Brief descriptive captions:
<<<<
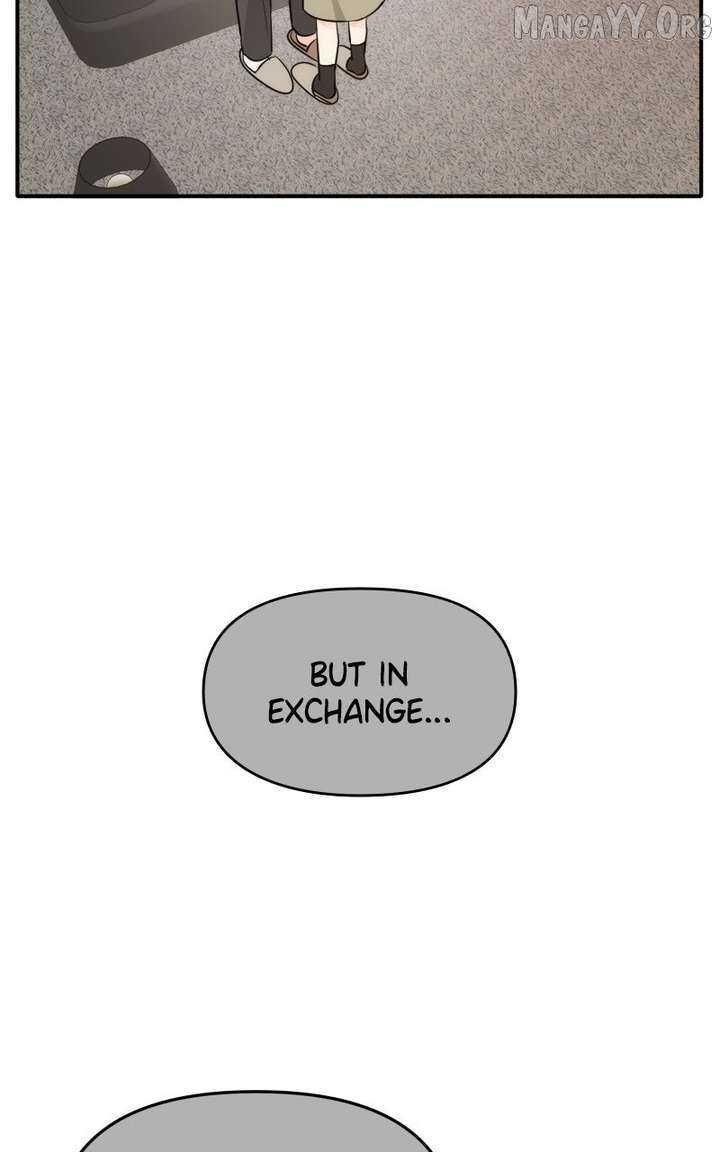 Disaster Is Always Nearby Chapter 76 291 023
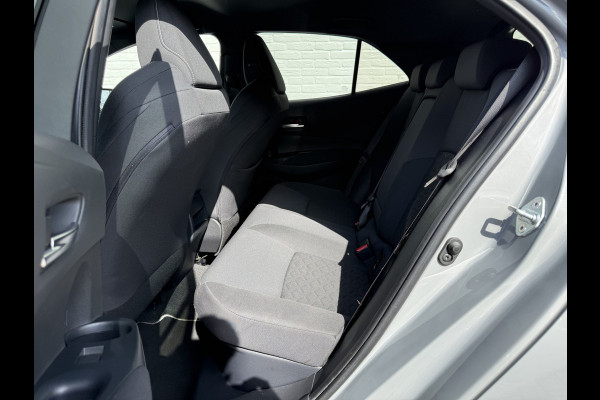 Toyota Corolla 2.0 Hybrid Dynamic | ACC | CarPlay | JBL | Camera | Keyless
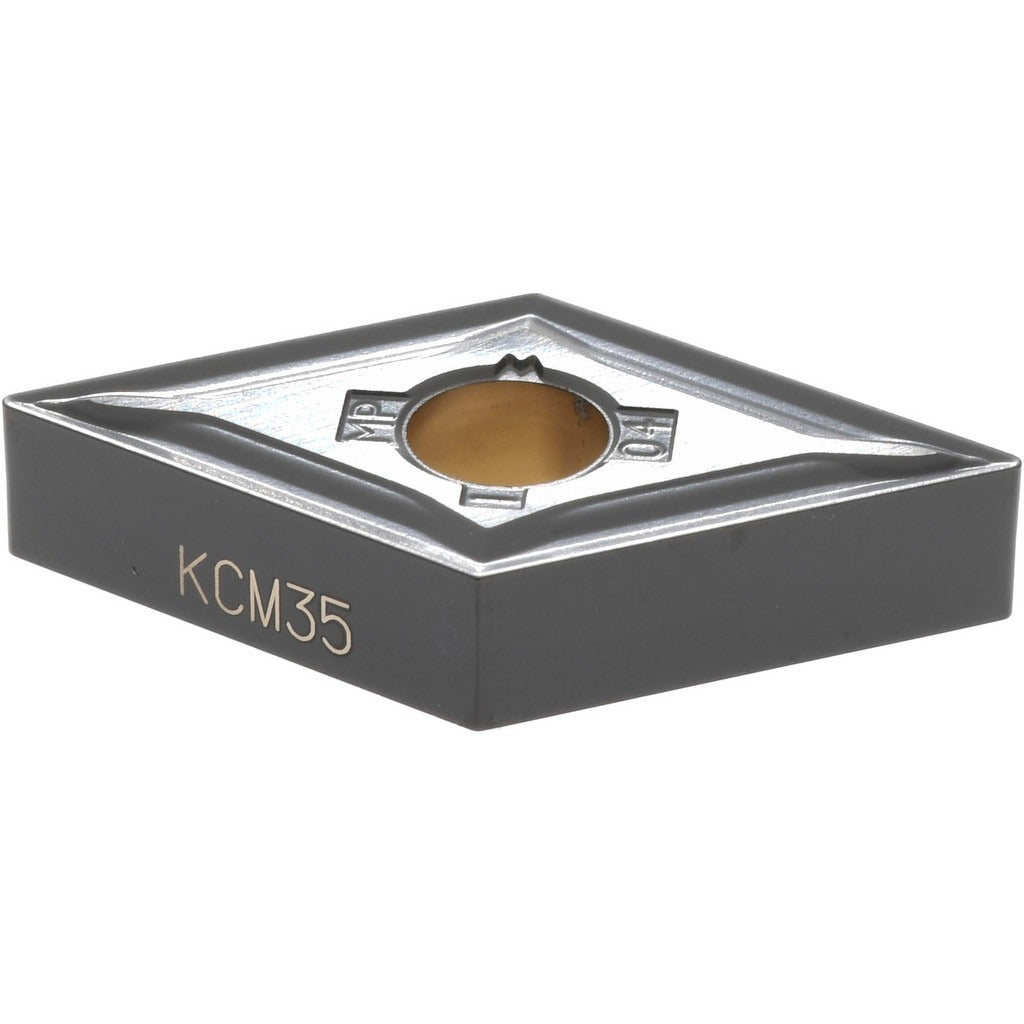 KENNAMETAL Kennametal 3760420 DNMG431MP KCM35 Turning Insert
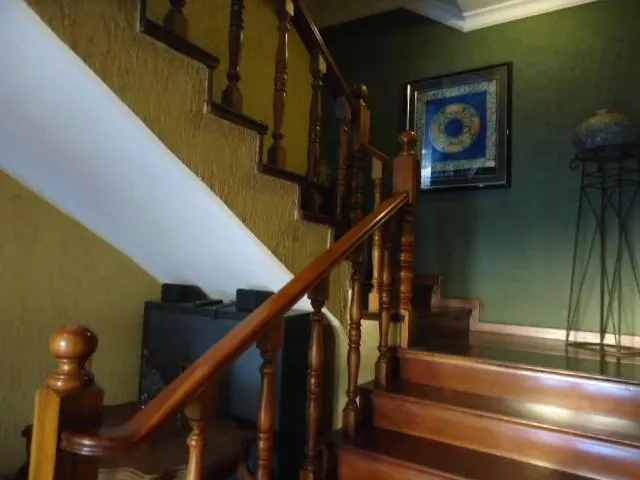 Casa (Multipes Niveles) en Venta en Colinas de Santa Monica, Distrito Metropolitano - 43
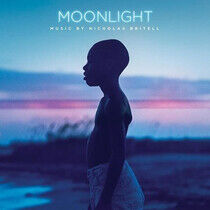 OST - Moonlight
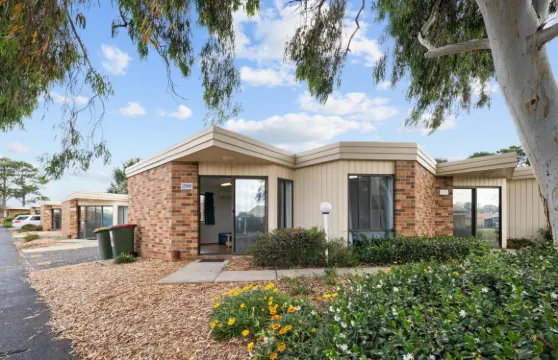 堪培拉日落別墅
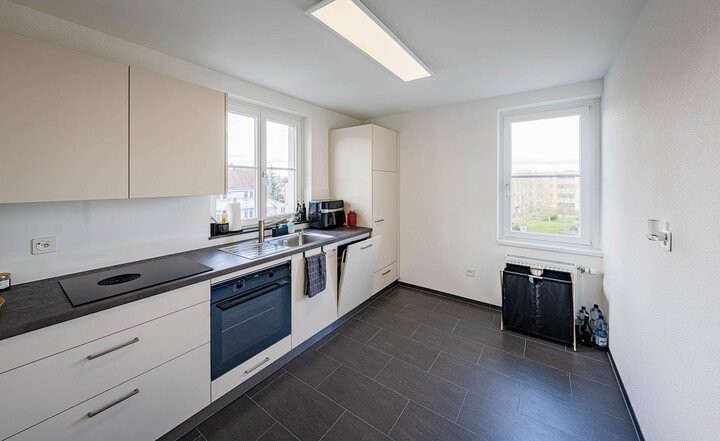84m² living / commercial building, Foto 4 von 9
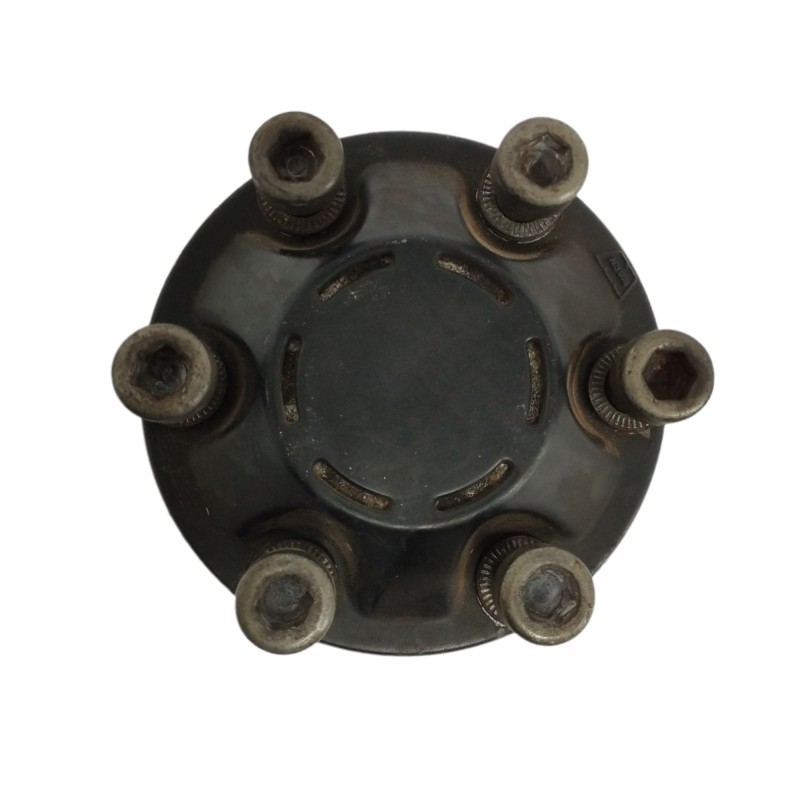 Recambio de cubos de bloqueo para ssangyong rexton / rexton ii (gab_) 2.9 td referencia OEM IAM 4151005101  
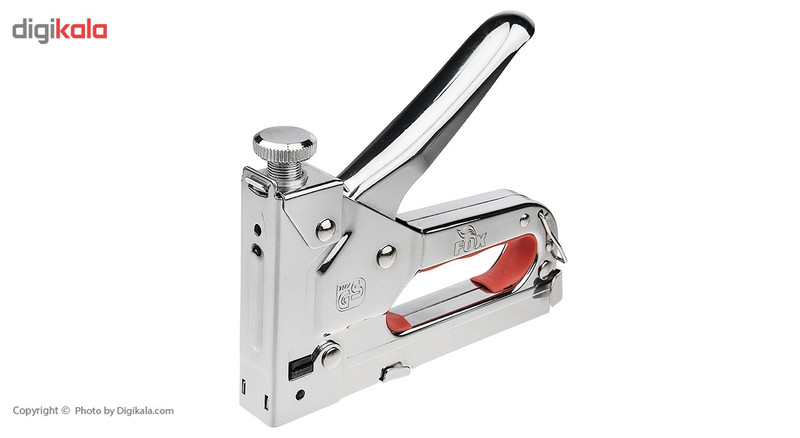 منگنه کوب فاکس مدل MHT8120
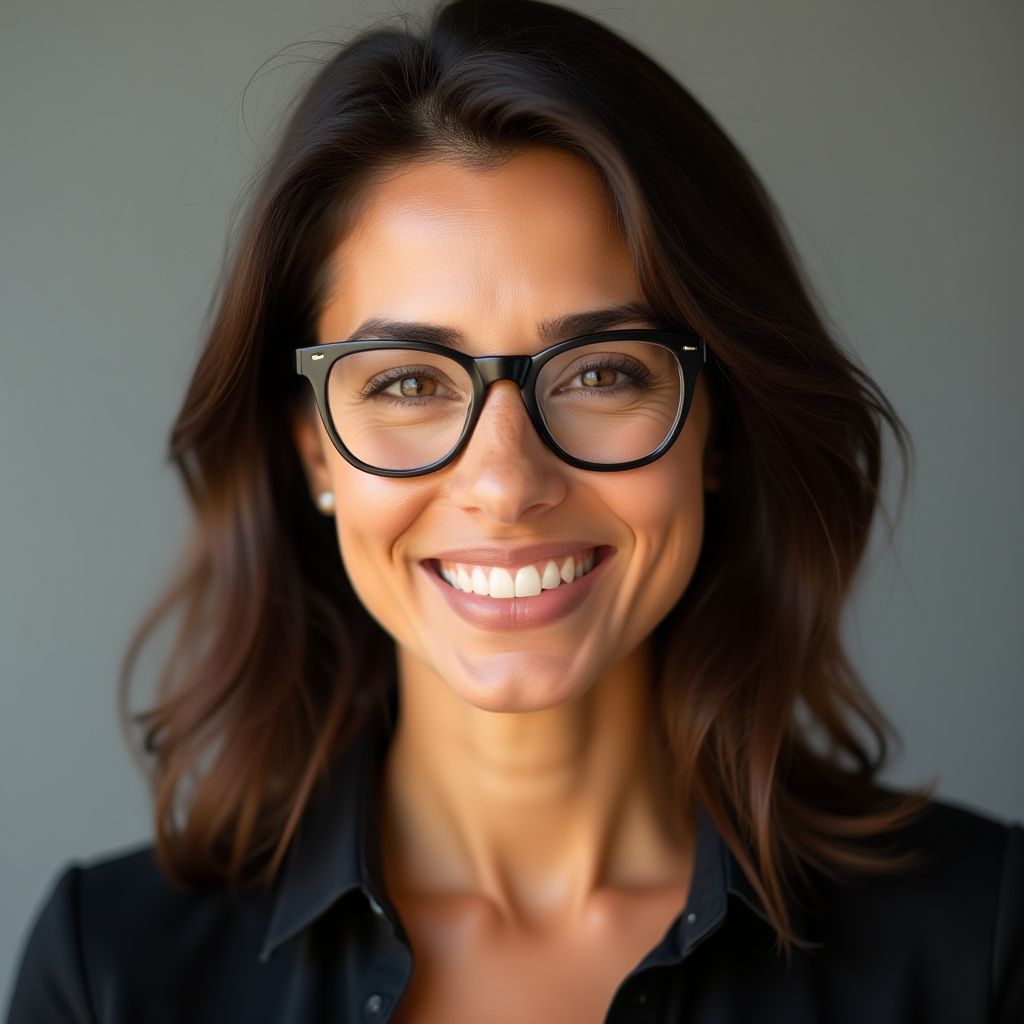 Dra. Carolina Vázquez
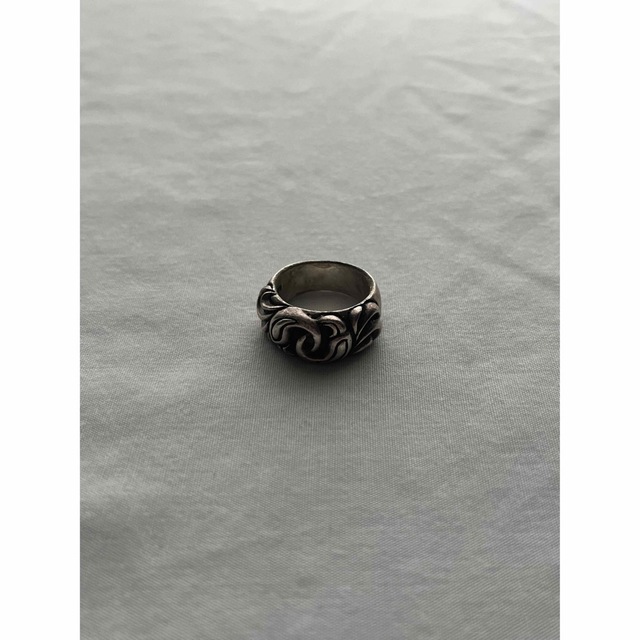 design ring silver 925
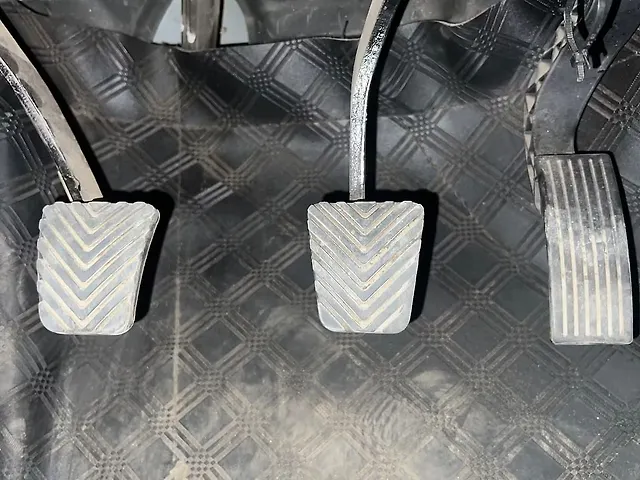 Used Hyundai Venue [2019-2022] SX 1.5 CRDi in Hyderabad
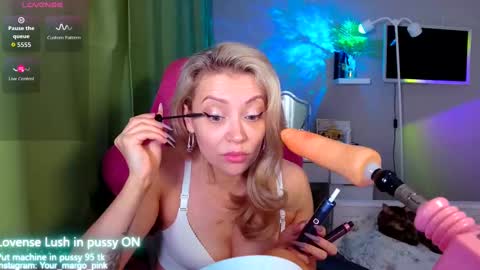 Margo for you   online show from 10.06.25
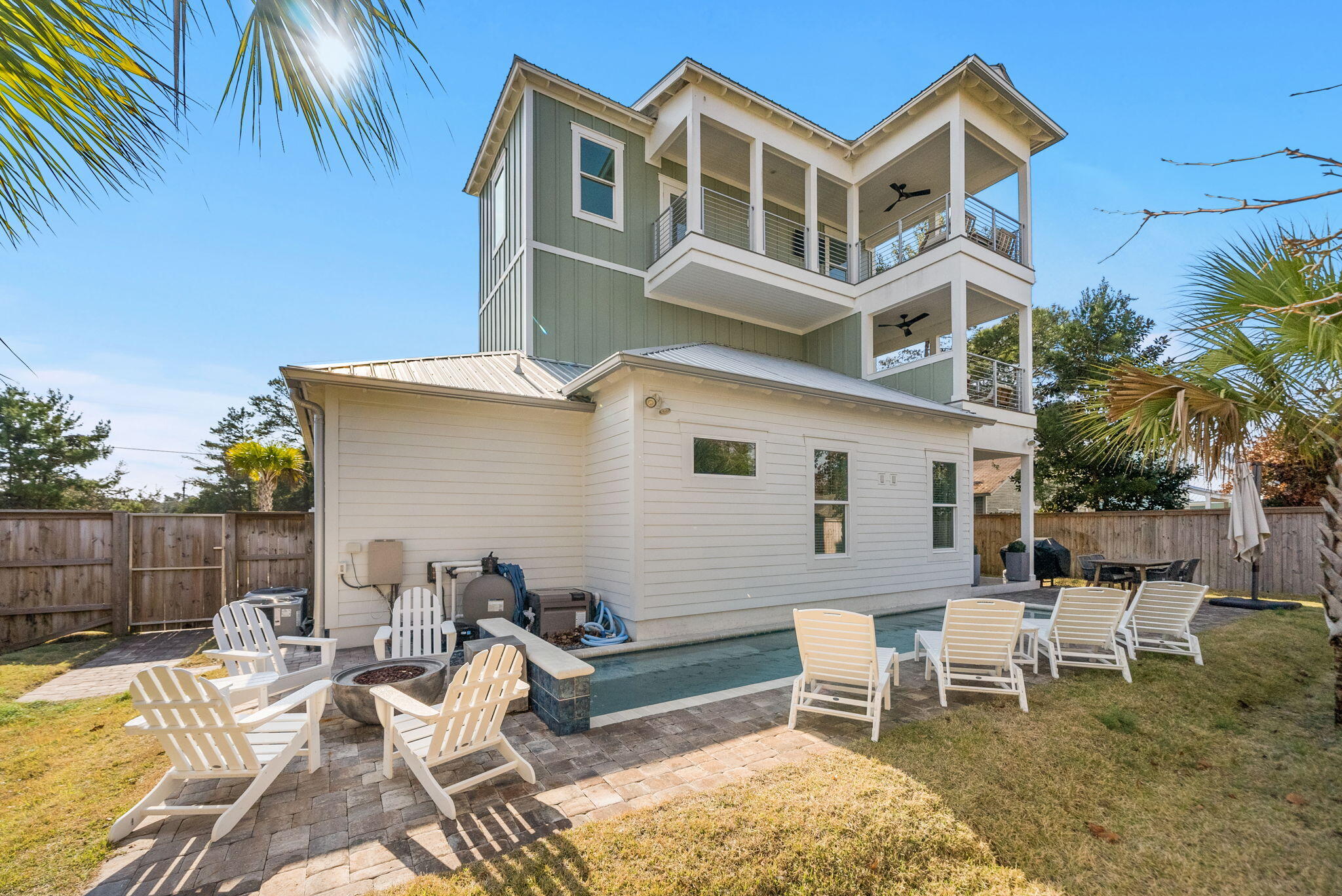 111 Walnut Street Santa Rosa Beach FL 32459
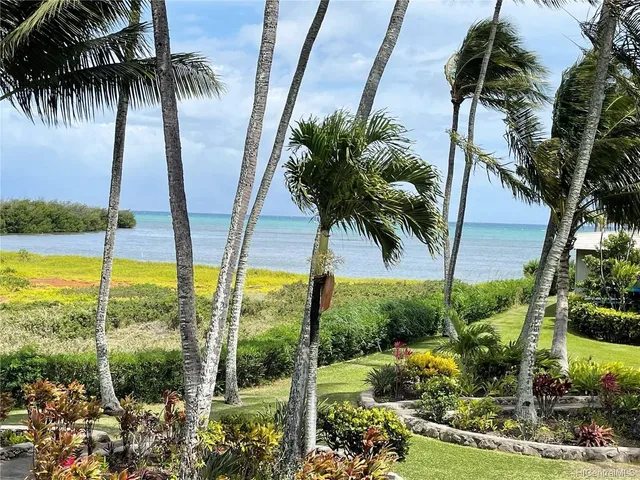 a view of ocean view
>>>>
[Problem requirements]: An exact restatement of the lines from the one holding "Casa (Multipes Niveles)" through the end of the entries, both ends included, is the whole answer. Pictures stay out.

[Completed exercise]:
 Casa (Multipes Niveles) en Venta en Colinas de Santa Monica, Distrito Metropolitano - 43
 OST - Moonlight
 堪培拉日落別墅
84m² living / commercial building, Foto 4 von 9
 Recambio de cubos de bloqueo para ssangyong rexton / rexton ii (gab_) 2.9 td referencia OEM IAM 4151005101  
 منگنه کوب فاکس مدل MHT8120
 Dra. Carolina Vázquez
 design ring silver 925
 Used Hyundai Venue [2019-2022] SX 1.5 CRDi in Hyderabad
 Margo for you   online show from 10.06.25
 111 Walnut Street Santa Rosa Beach FL 32459
 a view of ocean view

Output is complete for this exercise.